¿Cómo lo puedo conseguir? Es la pregunta que resuena en nuestros estudiantes cada vez que miran hacia delante y fijan la atención en algún propósito. La razón instrumental, o el instrumento convertido ya en razón, es de lo que se sirven para conducir sus vidas ahora menesterosas de conocimientos y cuidados tecnológicos. Y tanta es la menesterosidad y la preocupación mediáticas que uno se olvida del fin que había propiciado el pensamiento de los medios. La imagen es la del niño que recibe de su madre una cámara fotográfica para que aprenda a mirar y el niño crece con ella aprendiendo sólo a cómo usarla. Y cuando de fuera llega la advertencia de que, en realidad, la cámara sirve a un fin distinto de conocer su funcionamiento, la desoímos porque ya no sabemos sino mirar instrumentalmente.

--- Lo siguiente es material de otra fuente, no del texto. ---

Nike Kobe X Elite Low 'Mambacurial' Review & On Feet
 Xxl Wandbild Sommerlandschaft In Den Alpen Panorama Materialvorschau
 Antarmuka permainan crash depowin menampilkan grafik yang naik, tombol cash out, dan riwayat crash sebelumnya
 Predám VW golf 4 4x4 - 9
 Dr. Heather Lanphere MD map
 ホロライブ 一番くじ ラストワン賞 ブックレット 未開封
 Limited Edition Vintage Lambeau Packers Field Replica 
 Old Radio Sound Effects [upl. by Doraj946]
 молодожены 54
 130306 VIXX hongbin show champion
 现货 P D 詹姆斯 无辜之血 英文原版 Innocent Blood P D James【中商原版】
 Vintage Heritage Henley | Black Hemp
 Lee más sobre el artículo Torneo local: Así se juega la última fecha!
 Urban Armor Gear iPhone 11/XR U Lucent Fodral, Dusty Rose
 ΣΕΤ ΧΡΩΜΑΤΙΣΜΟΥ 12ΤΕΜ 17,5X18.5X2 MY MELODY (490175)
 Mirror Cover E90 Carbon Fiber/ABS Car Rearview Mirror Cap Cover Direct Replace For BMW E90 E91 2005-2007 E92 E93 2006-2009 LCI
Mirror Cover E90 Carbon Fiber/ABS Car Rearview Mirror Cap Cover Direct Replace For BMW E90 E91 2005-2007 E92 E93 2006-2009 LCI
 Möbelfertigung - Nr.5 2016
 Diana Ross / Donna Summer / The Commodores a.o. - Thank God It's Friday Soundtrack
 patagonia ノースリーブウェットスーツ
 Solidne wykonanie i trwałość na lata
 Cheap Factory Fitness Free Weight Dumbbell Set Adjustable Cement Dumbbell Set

Sí, desoímos los fines y la reflexión sobre ellos, hasta el punto quizá de convertirnos en usuarios y utensilios de otros usuarios. Pero no hay que desfallecer. El deseo está ahí. Deseo de mirar, de saber, de agradecer y enamorarse. Deseos no consumistas y sí consumidores, de nuestro tiempo y espacio más íntimos y singulares. El otro día me decía un alumno que había aprendido a desear, y se preguntaba por qué no hay una asignatura que nos enseñe y guíe en la humana tarea de anhelar y desear, antes de que alguien lo haga por nosotros y cedamos la autoría de nuestros deseos a instancias y señores que nada bueno quieren de ellos. Y ese mismo alumno se dirigía a una biblioteca, y lo hacía paseando, disfrutando del deseo de ir a ella y abrir las páginas de un libro deseado. Y, mientras paseaba, seguía preguntándose por qué ese empeño en aprender a calcular, a conocer y resolver, a callar y comportarse, como si el desear ya no fuera cosa nuestra.
Después de todo, también del deseo se vive, y se respira, y se crece.